# [Gnome] Nautilus non mi monta piu' nulla [RISOLTO]

## Merlink

Salve a tutti.

Tempo fa ero riuscito, con il trittico HALD,DBUS,GNOME-VOLUME-MANAGER, a far si che ogni periferica usb, anche non inserita in fstab, venisse "montata" senza problemi anche da un utente normale.

Tempo fa ho fatto una serie di aggiornamenti (nel corso di un mese circa) e ora non funge piu'. Le periferiche (penne, hd esterni, lettori mp3) vengono viste da nautilus, ma non me le fa montare (mentre a root e' permesso), ho controllato i permessi di /media e sono identici a quelli di un altro pc.

Non so che fare... mi faceva comodo   :Crying or Very sad:  .

[I] sys-apps/hal (0.5.4): Hardware Abstraction Layer

[I] sys-apps/dbus (0.36.2): A message bus system, a simple way for applications to talk to eachother

[I] gnome-base/gnome-volume-manager (1.5.1): Daemon that enforces volume-related policies

Grazie a tutti!

Soluzione: (come ha scritto ic3m4n)

 *Quote:*   

> 
> 
> Make sure that the haldaemon user is in the ${HALDAEMON_GROUPS}
> 
> If users have a problem with this, let them file a bug
> ...

 

Grazie ancora!

P.S.: non e' che non leggo i messaggi degli ebuild, e' che quando si fa un bulk-update, raramente sto al monitor a vedere le scritte che passano  :Razz: 

Sorry!Last edited by Merlink on Sat Sep 24, 2005 9:00 am; edited 1 time in total

----------

## Raffo

ho avuto lo stesso problema. ho risolto facendo il downgrade di hal. hope it helps   :Wink: 

----------

## Merlink

a che versione lo porto?

grazie!

----------

## Raffo

 *Merlink wrote:*   

> a che versione lo porto?
> 
> grazie!

 

la mia attuale è la 0.4.7, ma penso vada bene anche la 0.4.8 (già taggata come stable), al limite prova e vedi come va.

----------

## Ic3M4n

 *ebuild di hal wrote:*   

> Make sure that the haldaemon user is in the ${HALDAEMON_GROUPS}
> 
> If users have a problem with this, let them file a bug
> 
> usermod -G ${HALDAEMON_GROUPS} haldaemon

 

dove HALDAEMON_GROUPS="haldaemon,disk,cdrom,cdrw,floppy". questo l'hai fatto?

----------

## Cazzantonio

tra l'altro scusa ma la versione di hal 0.5.4 è addirittura hard-masked...

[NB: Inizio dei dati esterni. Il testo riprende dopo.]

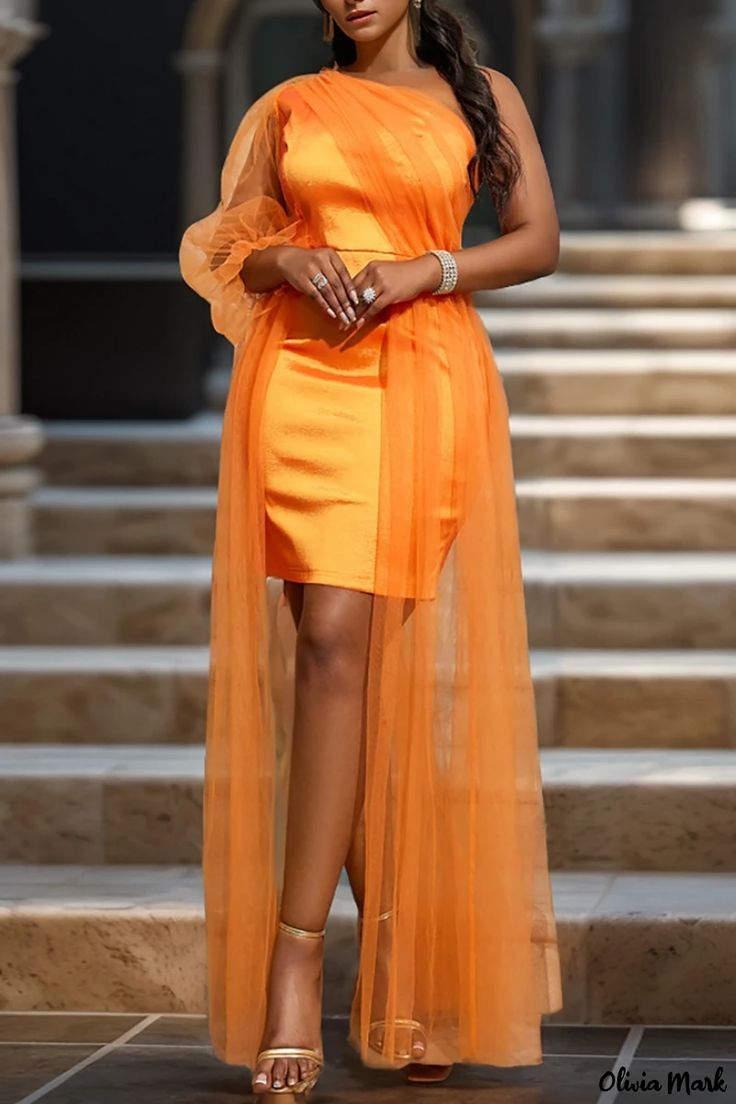 Olivia Mark - Elegant Cocktail Formal Dress with Unique Patchwork Design and Stylish Oblique Collar 40th Birthday Dress, Chic Formal Dress, Orange Cocktail Dress, Stylish Formal Dresses, Orange Cocktail Dresses, Orange Cocktail, Best Party Dresses, Wrapped Skirt, African Fabric Dress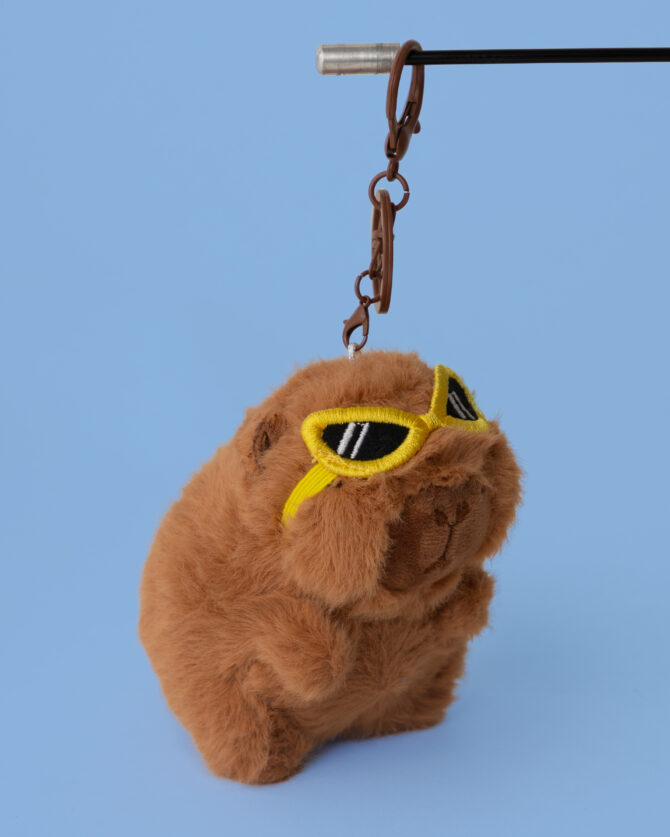 Cool Capybara (Yellow Glasses) Plushie Keychain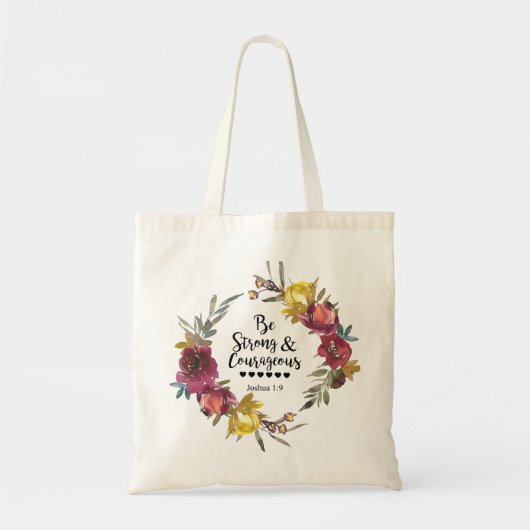 Joshua 1:9 Sei stark und mutig blumenkranz Tragetasche (Vorne)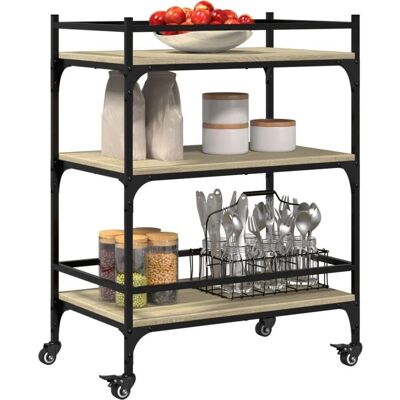 vidaXL Keukentrolley 65x40x86,5 cm bewerkt hout Sonoma - Trolley de cuisine - Publicité vidaXL Keukentrolley 65x40x86,5 cm bewerkt hout Sonoma - Trolley de cuisine - Publicité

Già secondo me non ci si dovrebbe lamentare se i pacchetti "unstable" non funzionano... addirittura quelli hard-masked....

P.S. aggiungi [risolto] al titolo....

----------

## Merlink

E' hard masked e "smasked" in seguito in quanto richiesta di gnome 2.12   :Embarassed: 

Provo a fare le modifiche del caso e vi faccio sapere. Tnx

----------

## Ic3M4n

 *Cazzantonio wrote:*   

> Già secondo me non ci si dovrebbe lamentare se i pacchetti "unstable" non funzionano... addirittura quelli hard-masked....
> 
> P.S. aggiungi [risolto] al titolo....

 non mi sembra che sia il caso di essere così brutali. a domanda risposta, se non vuoi rispondere in modo costruttivo è meglio non rispondere. altrimenti chiedi ad un moderatore di aggiungere alle linee guida: non si parla di software non considerati stabili da portage.

----------

## Onip

 *Ic3M4n wrote:*   

> non mi sembra che sia il caso di essere così brutali.

 

Io non ho notato tutto questo "bagno di sangue", ha semplicemente fatto un appunto IMHO giustissimo. Se si vogliono testare pachetti in qualche modo instabili (e se una cosa è hard-masked un motivo ci sarà) allora il posto in cui cercare non è qui, ma caso mai bugzilla.

----------

## Ic3M4n

boh... non capisco il perchè questo non è il posto in cui cercare... dato che molte persone utiilzzano applicazioni mascked. se vi danno fastidio, non leggete il post che si fa prima. se non deve essere così... beh che venga aggiunto alle linee guida che non si parla di software instabile. almeno ci sarà una regola base a cui fare riferimento.

----------

## Cazzantonio

 *Ic3M4n wrote:*   

> non mi sembra che sia il caso di essere così brutali. a domanda risposta, se non vuoi rispondere in modo costruttivo è meglio non rispondere. altrimenti chiedi ad un moderatore di aggiungere alle linee guida: non si parla di software non considerati stabili da portage.

 

Guarda che sinceramente non mi sembrava di essere stato brutale...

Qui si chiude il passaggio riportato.